Thursday, January 28, 2010
Trends in Modern Book Collecting
Ken Lopez, for the International League of Antiquarian Booksellers has an extensive post on modern book collecting and well worth reading for anyone interested in pursuing the endeavor.
From the story...
About six months ago, I found that I was repeatedly discussing with a number of fellow booksellers, and more especially with a number of collectors on my mailing list, the apparent shift in collecting styles -- especially with regard to modern firsts -- that has taken place over the last 20 years or so. My main impression was that there has been a shift away from what I would call "in-depth" author collections toward the collecting of a relatively small number of "high spots" of modern literature.

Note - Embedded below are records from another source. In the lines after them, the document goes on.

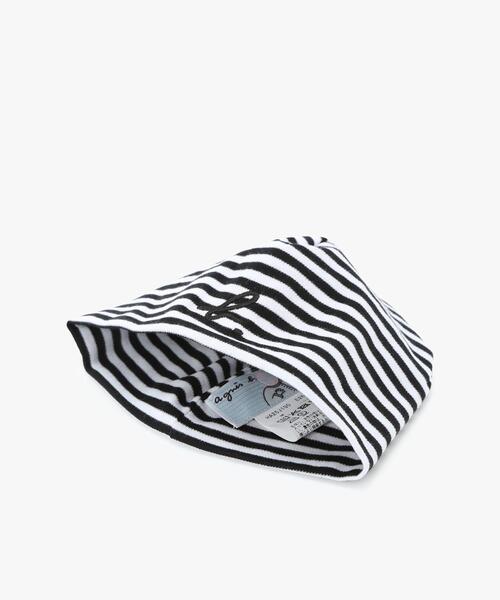 agnes b.（アニエスベー）の「ベビー ”b.”ロゴ 刺繍 細ボーダー コットン ハット（ハット・キッズ・ブラック・FREE）」の6枚目の写真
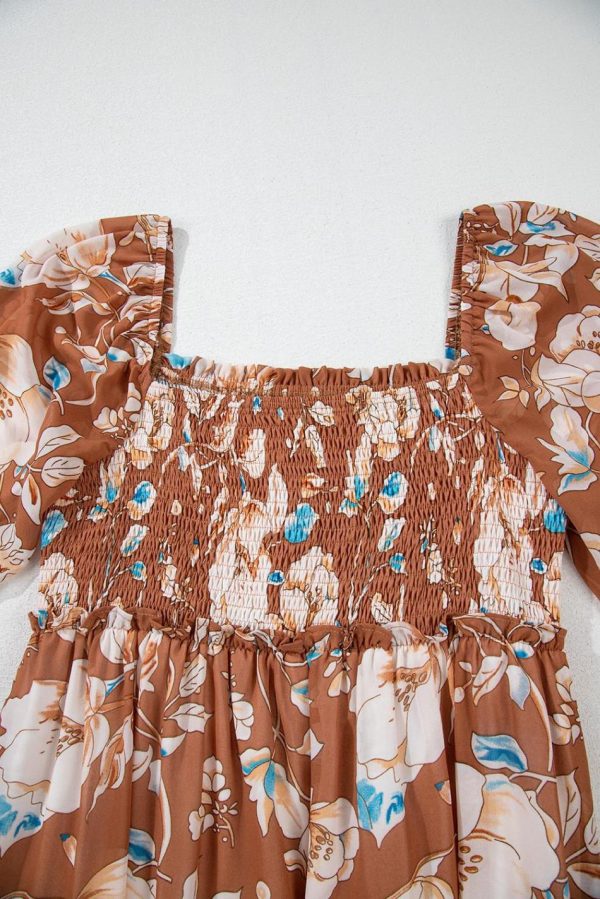 Women Brown Floral Print Shirred Square Neck High Waist Maxi Dress | Maxi Dresses - Image 4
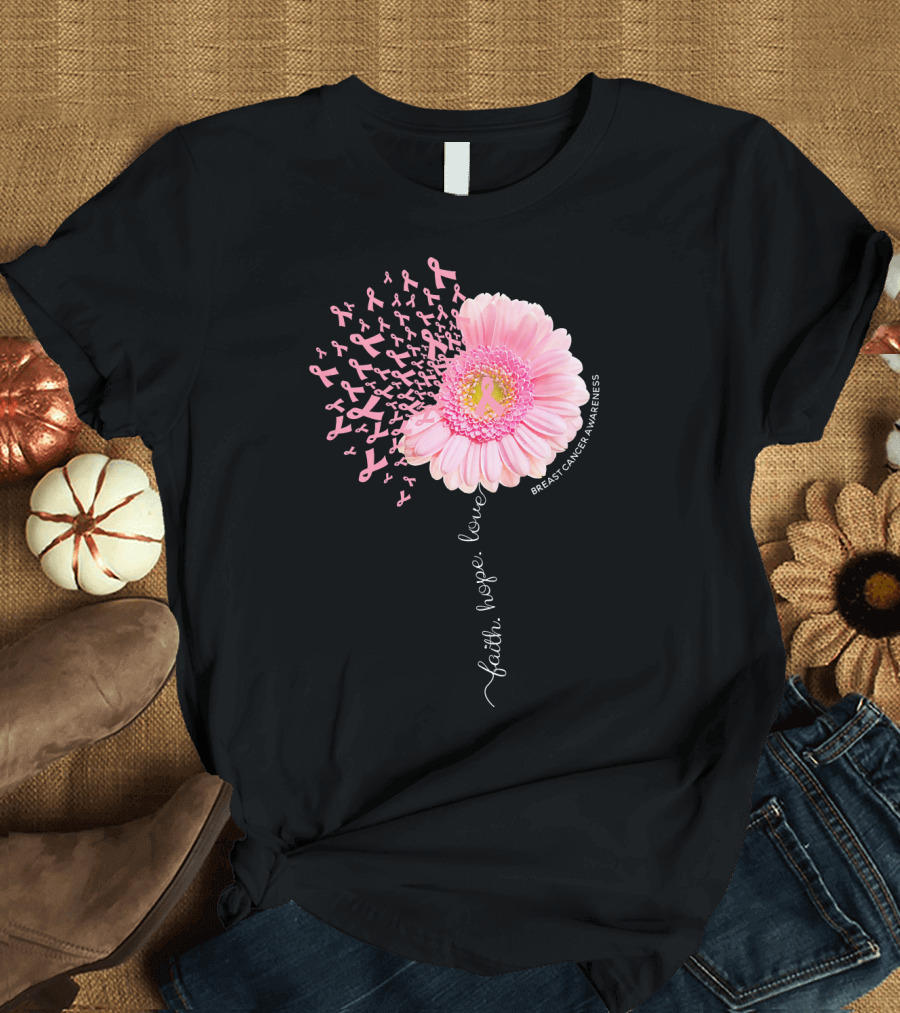 Faith Hope Love Dandelion Daisy Breast Cancer Awareness T-Shirt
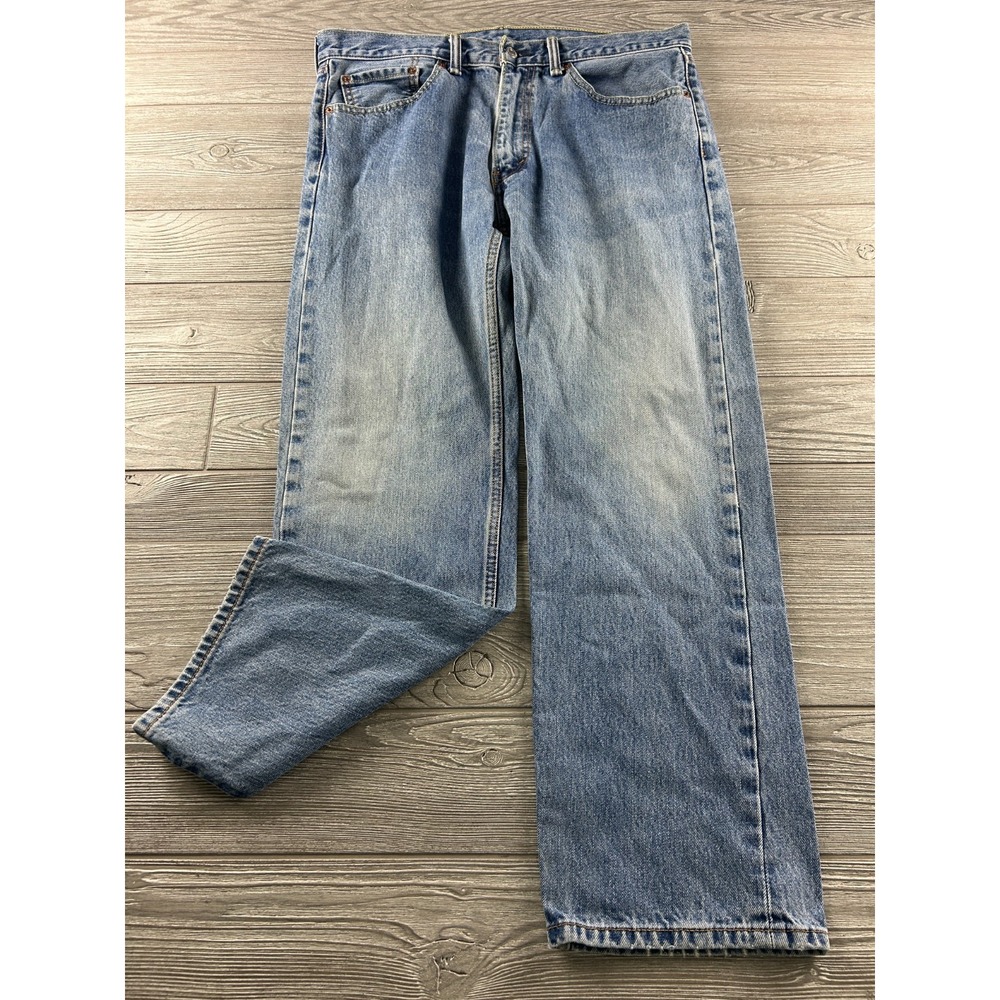 Levis 505 Regular Jeans Mens 36X30 Blue 100% Cotton Straight Leg Denim Classic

No doubt the subject came up as I was attempting yet again to explain the extraordinary rise in the prices of a small handful of important -- or at least highly sought after -- modern titles such as The Catcher in the Rye, To Kill a Mockingbird and On the Road, to name just a few. The prices for collectible copies of these books have skyrocketed in recent years, reaching unthinkable new levels and then leaving those levels in the dust mere months later. How high could they go? What do I say when a customer asks if these (or others like them) are good investments at this price level? What was fueling the prices? Could the bottom drop out of the market and their prices plummet as fast as they had risen? And, finally -- but perhaps most important -- what relation do these prices have to anything approaching real value? When a signed copy of On the Road is being offered for the price of a luxury sedan or a small house, is there any realistic "value" being offered, or is this a field that is, at best, completely untethered -- detached from any reality -- and, at worst, the culminating end of a massive pyramid scheme?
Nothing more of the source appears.